First full week of 8 hour days in a while, just complete.
July 2003 Archives
I began reading the stuff over at AKMA's Disseminary site, as they have begun to kick into gear regarding doing theological education and theological conversation online. I want really bad to jump in and digest and regurgitate (nice image, huh?), but as I am starting a new Contract job on Monday, and feel the need to do some preliminary reading on some of the technologies and tools in use on that project, I will be content, at least for a few days, to point over there and acknowledge my intent to read , find new people for my blogroll, and comment.
As things at Old St. George begin rolling in the direction of a more ready and relevant Web prescence and activity, I foresee there being some common mission there, and a possible place for some future onsite Disseminary meetings or seminars, etc. The goal of aggregating resources on Online Theological Discussion via forums, weblogs, smartmobbing (ala Howard Rheingold's Smart Mobs studies and the relevance of that to Churches) would naturally intersect with what the plans and envisionings for Disseminary seem to be.
I'm sitting here in the Nashville Public Library, at one of the public PCs, waiting for Janet and Kelli to get out of a puppet show.

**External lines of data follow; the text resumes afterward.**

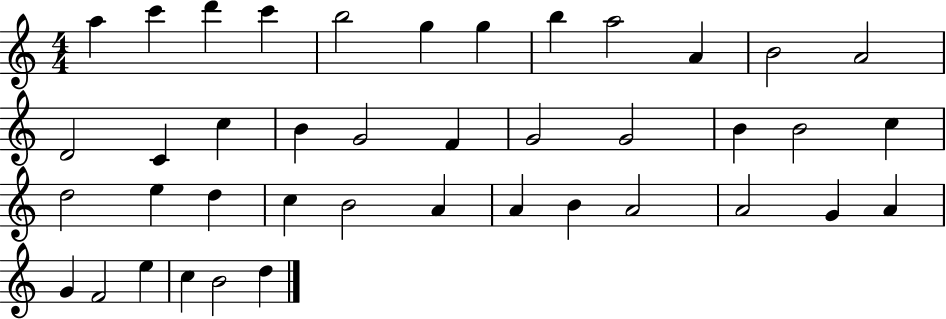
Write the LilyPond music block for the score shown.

{
  \clef treble
  \numericTimeSignature
  \time 4/4
  \key c \major
  a''4 c'''4 d'''4 c'''4 | b''2 g''4 g''4 | b''4 a''2 a'4 | b'2 a'2 | \break d'2 c'4 c''4 | b'4 g'2 f'4 | g'2 g'2 | b'4 b'2 c''4 | \break d''2 e''4 d''4 | c''4 b'2 a'4 | a'4 b'4 a'2 | a'2 g'4 a'4 | \break g'4 f'2 e''4 | c''4 b'2 d''4 | \bar "|."
}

I talked to Larry on the phone just before we left the house to come up here, and he was encouaging me about the Contractor position I just landed, which will give me a paid way to learn COld Fusion and further SQLServer learnings and application of what I bring with me from an ASP/SQLServer environment.

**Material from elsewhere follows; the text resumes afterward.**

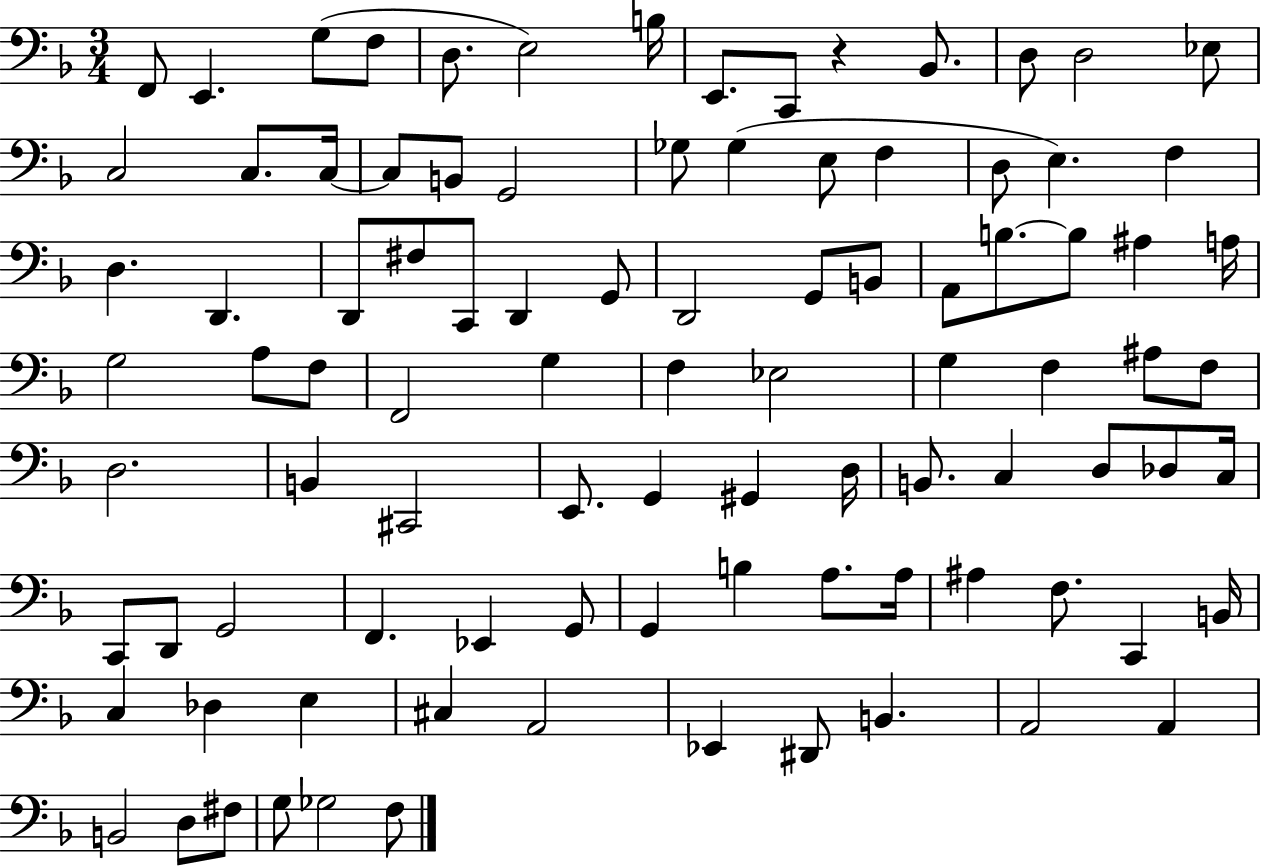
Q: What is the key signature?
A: F major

We also talked about how I am given flexibility enough to have some weekday openings every 3-4 weeks to take a trip to Cincinnati for some meetings at OSG for projects going on there. It is also a really good thing that I will be in this environment, where significant "training" will take place , hands-on, in a production system.
The groups that I hope to be doing some things with in the not-too-distant future , who are also using Cold Fusion, will also benefit from my "immersion" in this development environment.

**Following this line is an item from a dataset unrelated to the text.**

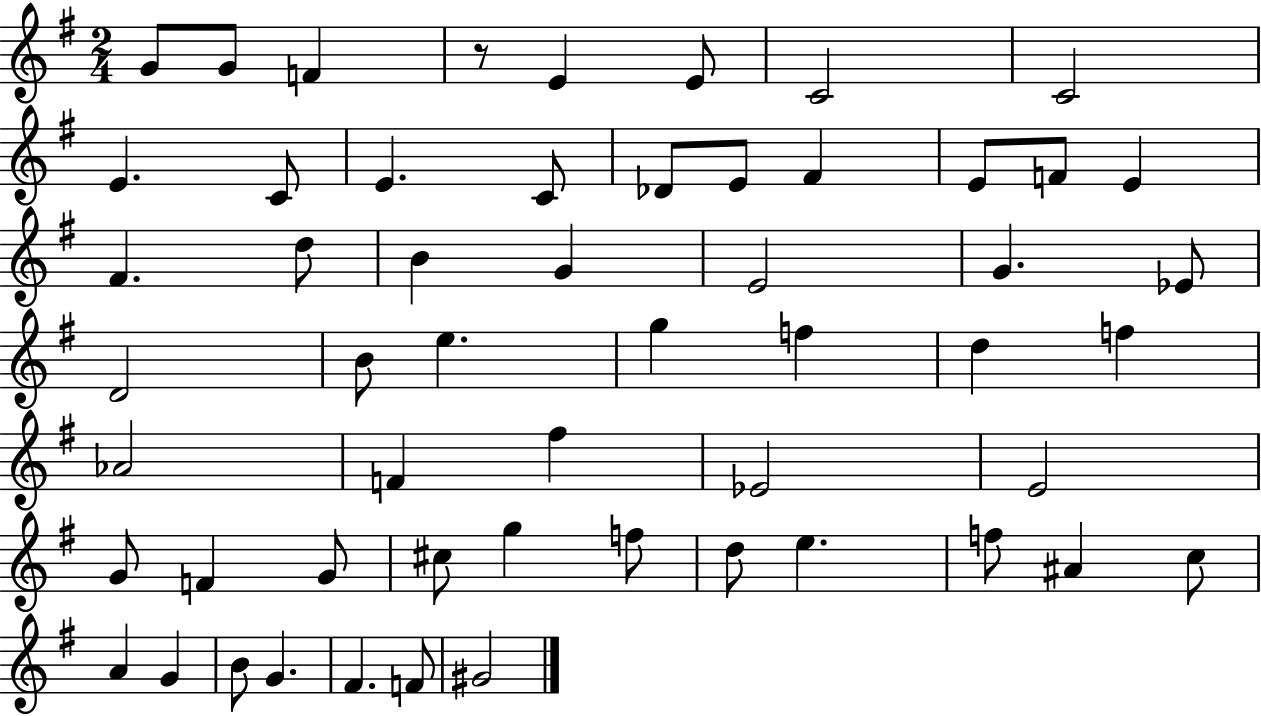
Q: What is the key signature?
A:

Over at AKMA's Blog he has a couple (so far) of posts about Call For Technologians. The main theme is captured most directly here:
The more candor you can turn loose on a congregational web site, the better people will know the congregation, for better or worse; that exercise alone may make it worth building a conversational web site. |from Technology for Congregations Part Two
Few people who join a community (a Church) that really get involved do this on the basis of what's in the bulletin, or on the schedule, or even preached (which are the things that most Churches seem satisfied to "store" on their website. It's the relationships, the conversations, the things in which the people are pasionate about. The Web seems to be the most direct route ever devised to allow people to "explore and summarize" what drives them. My theology of Church emphasizes the call/duty of the Church to enable the people to find what it is that God is calling them to. The "environment" we need in order to do that is to have some sense of the journeys of others, and perhpas through this we find common callings.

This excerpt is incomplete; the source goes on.